**Exercise directions:**
When you write out the records, keep every line exactly as it is.

[[ Material provided open ]]

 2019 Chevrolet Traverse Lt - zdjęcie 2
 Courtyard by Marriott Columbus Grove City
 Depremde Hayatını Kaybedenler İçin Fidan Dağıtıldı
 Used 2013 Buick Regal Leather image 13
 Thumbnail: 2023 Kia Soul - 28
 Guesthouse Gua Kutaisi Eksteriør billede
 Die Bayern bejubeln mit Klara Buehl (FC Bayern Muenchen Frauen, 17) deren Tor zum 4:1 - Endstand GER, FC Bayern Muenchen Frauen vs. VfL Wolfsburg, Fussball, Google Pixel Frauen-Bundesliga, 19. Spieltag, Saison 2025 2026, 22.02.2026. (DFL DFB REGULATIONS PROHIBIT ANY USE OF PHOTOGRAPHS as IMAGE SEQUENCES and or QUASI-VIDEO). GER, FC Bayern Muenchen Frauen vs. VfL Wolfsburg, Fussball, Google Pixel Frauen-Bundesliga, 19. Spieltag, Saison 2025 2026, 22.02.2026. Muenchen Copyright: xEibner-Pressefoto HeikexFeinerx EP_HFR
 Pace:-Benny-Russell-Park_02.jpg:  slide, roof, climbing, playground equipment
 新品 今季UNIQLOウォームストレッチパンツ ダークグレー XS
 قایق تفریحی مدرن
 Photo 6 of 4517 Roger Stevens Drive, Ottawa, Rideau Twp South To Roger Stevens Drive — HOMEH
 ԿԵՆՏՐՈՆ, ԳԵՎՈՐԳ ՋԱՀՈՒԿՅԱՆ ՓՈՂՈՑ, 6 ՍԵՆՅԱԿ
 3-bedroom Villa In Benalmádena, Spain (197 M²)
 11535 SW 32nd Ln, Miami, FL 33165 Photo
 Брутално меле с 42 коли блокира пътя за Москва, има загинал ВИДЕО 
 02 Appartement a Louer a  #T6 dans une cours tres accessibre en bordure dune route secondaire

[[ Material provided closed ]]

**Task output:**
 2019 Chevrolet Traverse Lt - zdjęcie 2
 Courtyard by Marriott Columbus Grove City
 Depremde Hayatını Kaybedenler İçin Fidan Dağıtıldı
 Used 2013 Buick Regal Leather image 13
 Thumbnail: 2023 Kia Soul - 28
 Guesthouse Gua Kutaisi Eksteriør billede
 Die Bayern bejubeln mit Klara Buehl (FC Bayern Muenchen Frauen, 17) deren Tor zum 4:1 - Endstand GER, FC Bayern Muenchen Frauen vs. VfL Wolfsburg, Fussball, Google Pixel Frauen-Bundesliga, 19. Spieltag, Saison 2025 2026, 22.02.2026. (DFL DFB REGULATIONS PROHIBIT ANY USE OF PHOTOGRAPHS as IMAGE SEQUENCES and or QUASI-VIDEO). GER, FC Bayern Muenchen Frauen vs. VfL Wolfsburg, Fussball, Google Pixel Frauen-Bundesliga, 19. Spieltag, Saison 2025 2026, 22.02.2026. Muenchen Copyright: xEibner-Pressefoto HeikexFeinerx EP_HFR
 Pace:-Benny-Russell-Park_02.jpg:  slide, roof, climbing, playground equipment
 新品 今季UNIQLOウォームストレッチパンツ ダークグレー XS
 قایق تفریحی مدرن
 Photo 6 of 4517 Roger Stevens Drive, Ottawa, Rideau Twp South To Roger Stevens Drive — HOMEH
 ԿԵՆՏՐՈՆ, ԳԵՎՈՐԳ ՋԱՀՈՒԿՅԱՆ ՓՈՂՈՑ, 6 ՍԵՆՅԱԿ
 3-bedroom Villa In Benalmádena, Spain (197 M²)
 11535 SW 32nd Ln, Miami, FL 33165 Photo
 Брутално меле с 42 коли блокира пътя за Москва, има загинал ВИДЕО 
 02 Appartement a Louer a  #T6 dans une cours tres accessibre en bordure dune route secondaire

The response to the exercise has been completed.